Allora il dio Kron, avendo letto i suoi pensieri foschi e abbattuti, aveva cercato di risollevarlo, come meglio poteva. Perciò si era dato a dirgli:

«Iveon, non angosciairti in questa maniera, poiché un atteggiamento del genere non si addice ad un grande eroe, quale tu sei! La tua reazione deve essere ben diversa, deve spingerti unicamente a vendicarti del catturatore della tua consorte. Al posto tuo, io sentirei la sola voglia di corrergli dietro, di fargliela pagare a quell'essere abominevole, salvando così la mia amabile compagna e sottraendola al suo disperato tormento! Dunque, fiero Iveon, affréttati a partire, senza indugiare oltre, dal momento che la tua Annura sta aspettando il tuo soccorso e desidera che esso ci sia il più rapidamente possibile!»

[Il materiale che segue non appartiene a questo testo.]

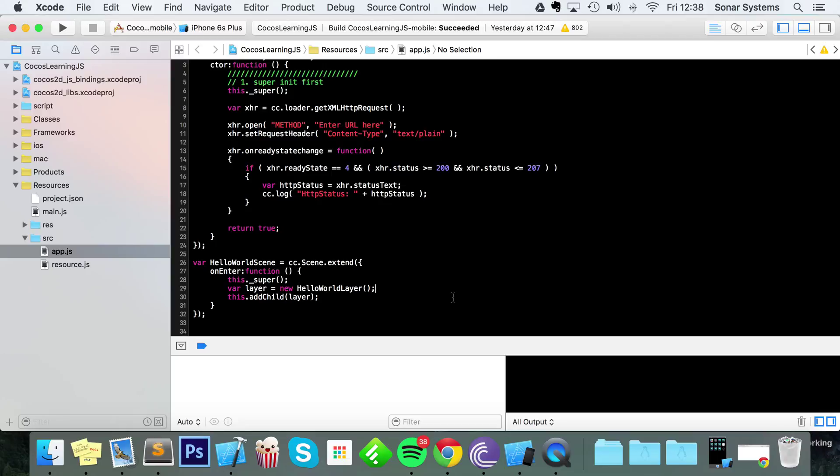Hello, in this video we're going to show you how to use the GET request in Cocos2D-X JavaScript. The GET request is really simple—it allows you to get some data from an online server.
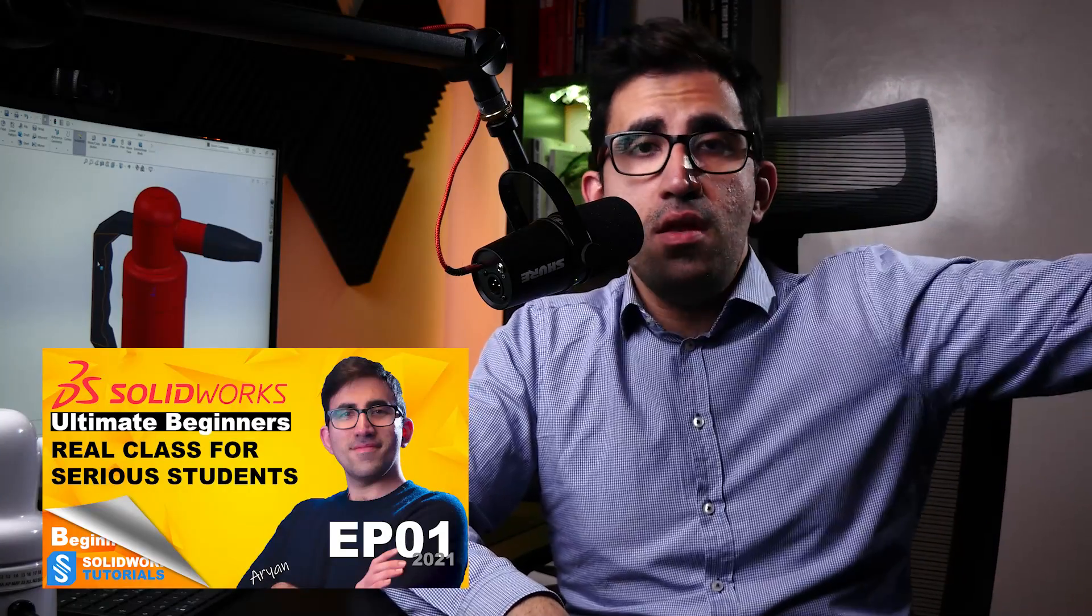Okay, this episode is number 5, and if you're starting from this episode, please stop right now and go back and start from episode number 1. These series are only for serious SOLIDWORKS beginners.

Era stato così che l'eroico dio Iveon si era messo sulle tracce della sua cara ed indimenticabile dea, la cui ricerca sarebbe durata più di un millennio o qualcosa di meno. Comunque, l'universo sarebbe stato da lui battuto per l'intera sua espansione profonda, percorrendone le sterminate galassie e scandagliando gli ingenti sistemi stellari in esse contenuti. Egli avrebbe appuntato gli occhi sopra ogni pianeta che avrebbe incontrato sul suo cammino, esplorandone la superficie ed eseguendo la stratigrafia della sua parte interna. Naturalmente, il suo non sarebbe stato un viaggio di distrazione e di diporto, poiché esso lo avrebbe fatto trovare di fronte a numerose vicende ostili, le quali gli sarebbero provenute quasi sempre dalla sua avversaria Monotriad. Nell'inseguirla, il dio Iveon avrebbe perduto la cognizione del tempo, anche se bisogna precisare che per le divinità esso aveva ben scarso valore. Considerando invece la loro componente psichica in rapporto alla realtà cosmica, di sicuro la qualità temporale la influenzava in qualche modo.

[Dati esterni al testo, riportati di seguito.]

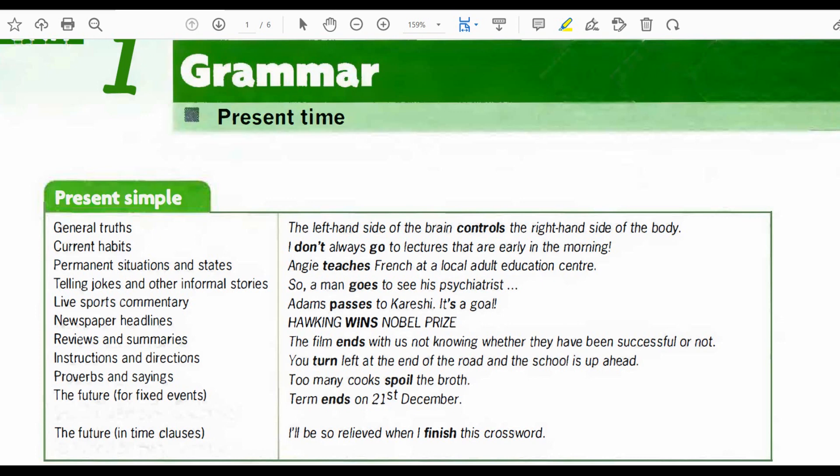Newspaper headlines: Hawking wins Nobel Prize. Previews and summaries: the film ends with us not knowing whether they have been successful or not. Instructions and directions: you turn left at the end of the road and the school is up ahead. Proverbs and sayings: too many cooks spoil the broth. The future for fixed events: term ends on 23rd December. The future in time clauses: I'll be so relieved when I finish this crossword.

Ma al di là delle impressioni soggettive che gli sarebbero derivate dal binomio spazio–tempo, l'eroe divino sarebbe stato investito da una folta schiera di sentimenti, che non gli avrebbero rallegrato l'esistenza. Essi avrebbero invece suscitato nel suo animo amarezza, rabbia, tristezza, una maledetta voglia di vendicarsi ed innumerevoli gesti minacciosi. Inoltre, non sarebbero mancati neppure lo sconforto, l'abbattimento psichico, la pena e, solo rarissime volte, alcuni pensieri opprimenti di rinuncia e di lasciarsi andare. Anche la speranza non lo avrebbe mai abbandonato durante il suo viaggio, memore di quanto gli aveva preannunciato l'eccelso dio Kron. Secondo il quale, egli avrebbe incontrato un umano e una divinità, che si sarebbero offerti di aiutarlo a rintracciare e a sconfiggere la rapitrice della sua consorte. Grazie a quell'annuncio confortevole del dio del tempo, egli avrebbe affrontato l'interminabile viaggio, mostrandosi più fiducioso e speranzoso sul buon esito della propria difficile missione, la quale avrebbe avuto una durata millenaria.